George: Bitirmedim. Babamın ödü patlıyordu bunu yapacaksa Joe nun da orada olmasını istiyordu ama Joe gelmedi hastaydı Hasta! Aniden grip olmuştu! Birdenbire! Ama sorumluluğu üstlenmeye söz verdi, ne söylediğimi anlıyor musun? Telefonda sorumluluk üstlenemezsin mahkeme salonunda bir telefon konuşmasını her zaman yalanlayabilirsin ve Joe da tam olarak bunu yaptı önce onun yalan söylediğini biliyorlardı ama temyizde bu koca yalana inandılar ve Joe kandırılmıştı, babamız ise kandırandı, şimdi ne yapacaksın? onun yemeğini yiyip onun yatağında yatacak mısın?
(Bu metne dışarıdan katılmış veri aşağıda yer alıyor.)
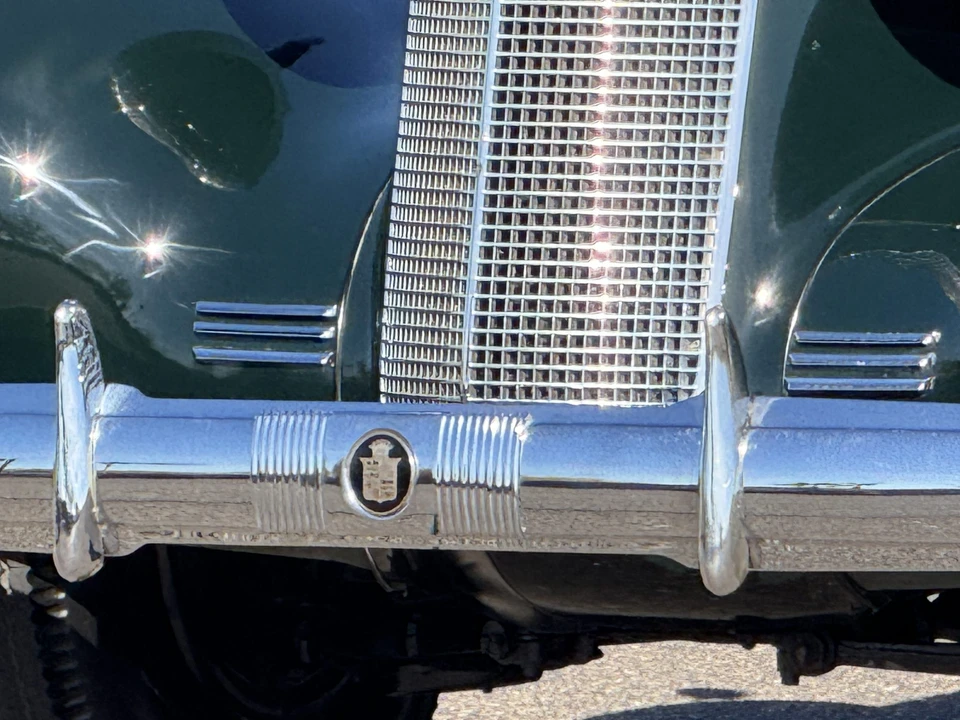 1937 Cadillac V-12 - Image 19 of 31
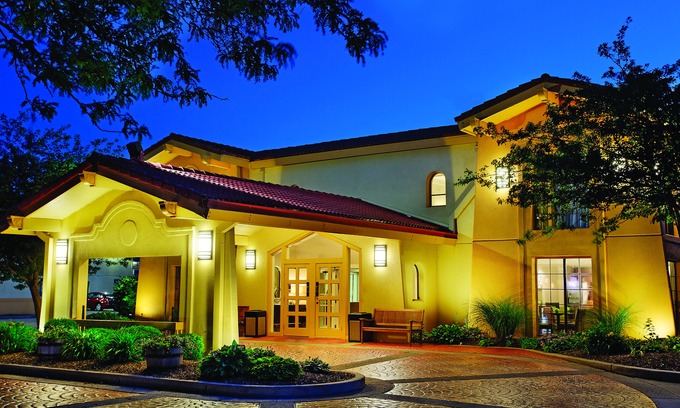 Champaign Hotel | La Quinta Inn by Wyndham Champaign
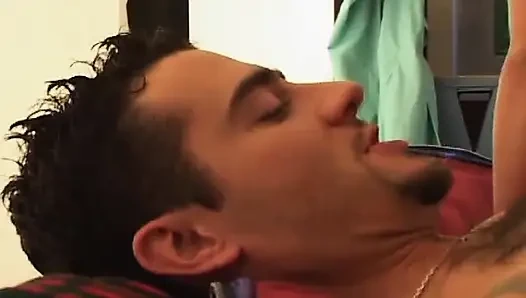 Hastalara anal seks yapmasına izin veren bir Fransız hemşire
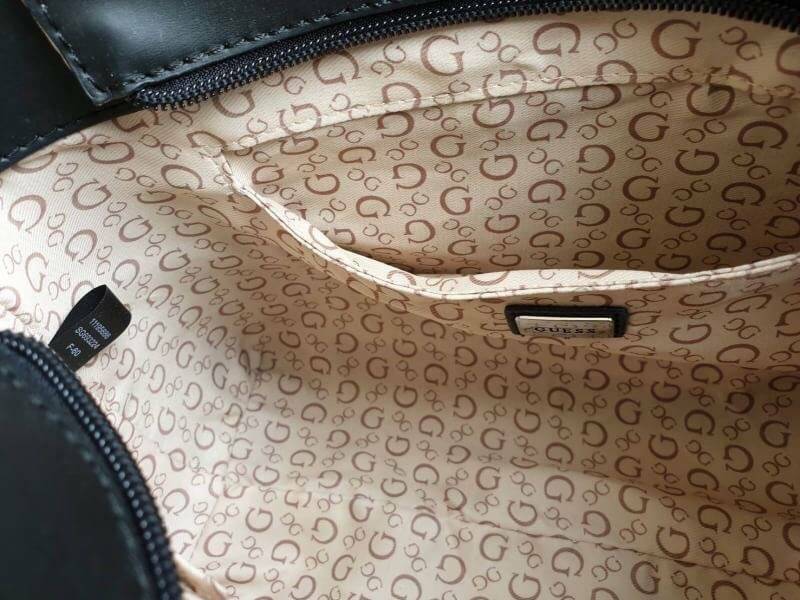 GUESS G LOGO PRINT TOTE BAG กระเป๋าถือหรือสะพายรุ่นใหม่ล่าสุดจาก GUESS FACTORY รุ่นยอดนิยม สวยอย่างมีสไตล์ สีสวยคลาสสิก รุ่นนี้มีการพิมพ์ลายโลโก้ รอบใบ หนัง faux-saffiano หนังคุณภาพดี ตั้งอยู่ทรง น้ำหนักเบา ประดับด้วยโลโก้แบรนด์อะไหล่เงิน สวยโดดเด่นที่กระ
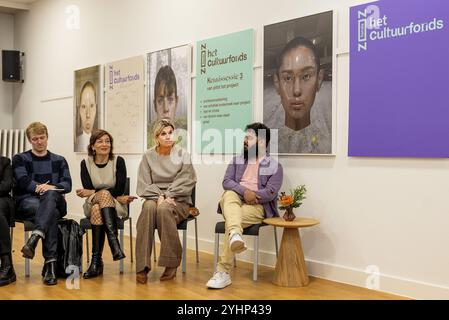 Amsterdam, pays-Bas, 2024-11-12 15:14:26 AMSTERDAM, 12-11-2024, Fonds culturel à AmsterdamQueen Máxima lors d'une visite de travail au Fonds culturel à Amsterdam à des jeunes créateurs du secteur culturel qui sont soutenus par le Fonds ZOZ et l'Académie ZOZ. PHOTO : NLBeeld/Patrick van EMST crédit : NL Beeld/Patrick van EMST Banque D'Images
Cevap ver ne yapacaksın?
Chris: Ne yapacaksın George?
George: O çok kurnaz biri bir telefon konuşmasını ispatlayamam
Chris: O halde ne cesaretle bu zırvalarla buraya geldin?
Ann: George mahkeme
George: Mahkeme babanı tanımıyor! Ama ben tanıyorum, Joe'nun yaptığını sen de biliyorsun
Chris: Sesini alçat yoksa seni buradan dışarı atarım
George: Biliyor biliyor
Chris: Ann onu buradan götür götür buradan
Ann: George söylediğin her şeyi biliyorum babam mahkemede hepsini anlattı ve onlar......
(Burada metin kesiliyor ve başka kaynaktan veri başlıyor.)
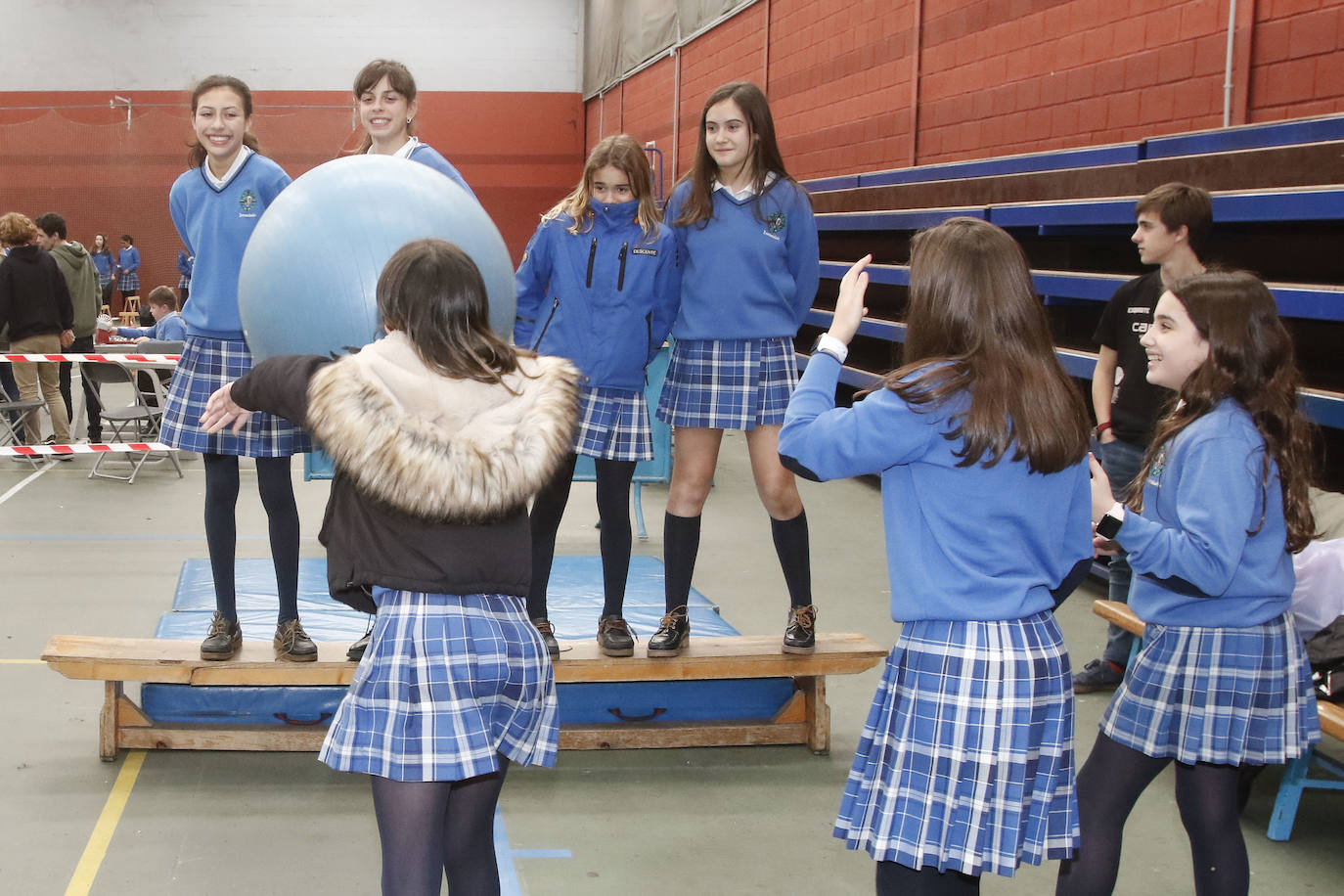 El colegio gijonés celebra el Día del Bocata con múltiples actividades.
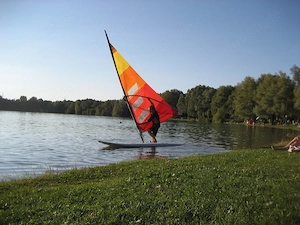 Windsurfboard 3,7m lang mit Rigg, 2 x Segel, Mast, Gabelbaum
George: Mahkeme onu tanımıyor Annie!
Ann: Şşşşş ama o her şeyi söyleyebilir George ne kadar kolay yalan söylediğini bilirsin
George: Sana bir şey soracağım ve gözümün içine bakarak cevap vereceksin
Chris: Bakıyorum
George: Babanı bilirsin
Chris: Onu iyi tanırım
George: Haberi olmadan yüzyirmi bir silindir başlığın tamir edilip dükkanından çıkmasına izin verecek bir patron mu?
Chris: Öyle bir patron
George: Ve dışarı çıkmadan önce tüm ışıkların sönüp sönmediğini kontrol eden Joe aynı joe mu?
Chris: Aynı Joe Keller.
George: Her işçinin tuvallette kaç dakika kaldığını bilen adam mı?
Chris: Aynı adam
George: Ve benim babam, yanında biri olmadan bir gömlek alamayan korkak fare böyle bir işi tek başına yapar mıydı?
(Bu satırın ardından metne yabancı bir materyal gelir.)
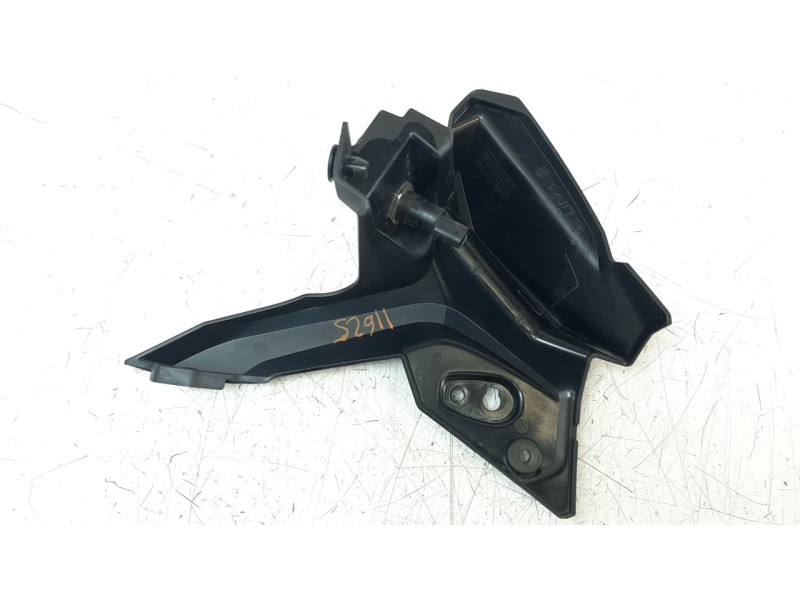 Recambio de moldura para bmw f 750 gs referencia OEM IAM 2786487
Chris: Tek başına, korkak bir fare olduğu için bunu yaptı. Mahkemede suçu başkasına atması işe yaramadı ama senin gibi bir aptalı kandırdı
Ann: Böyle konuşma
Chris: Söylesene George ne oldu? Tüm bu yıllar boyunca mahkemenin kararı yeterince iyiydi şimdi niye değil? Onca yıl niye inandın?
George: Çünkü sen buna inandın. Gerçek bu Chris. İnandım çünkü senin inandığını düşündüm ama bugün bunu onun ağzından dinledim. Onun ağzından dinlemek mahkeme kayıtlarından farklı. Onu ve babanı tanıyan herkes ağzından duysa ona inanırdı. Baban sahip olduğumuz her şeyi aldı. Bunu engelleyemem ama kızkardeşimi alamayacak. Bavulunu topla onların dokunduğu her şey kanlı, sen bunlarla yaşayacak bir kız değilsin topla eşyalarını.
Chris: Ann bunlara inanmıyorsun değil mi?
Ann: Doğru olmadığını biliyorsun değil mi?
George: Nasıl söylesin ki? O babası. Bu şeylerin hiçbiri aklına gelmedi mi?
Chris: Hayır aklıma geldi, senin aklına her şey gelir!
George: O da biliyor Annie o da biliyor!
Chris: Tanrı konuşuyor
George: O halde niye firmada senin ismin yazılı? Bunu ona açıkla!
Chris: Bunun ne alakası var?
George: Annie firmada niye babasının ismi yok?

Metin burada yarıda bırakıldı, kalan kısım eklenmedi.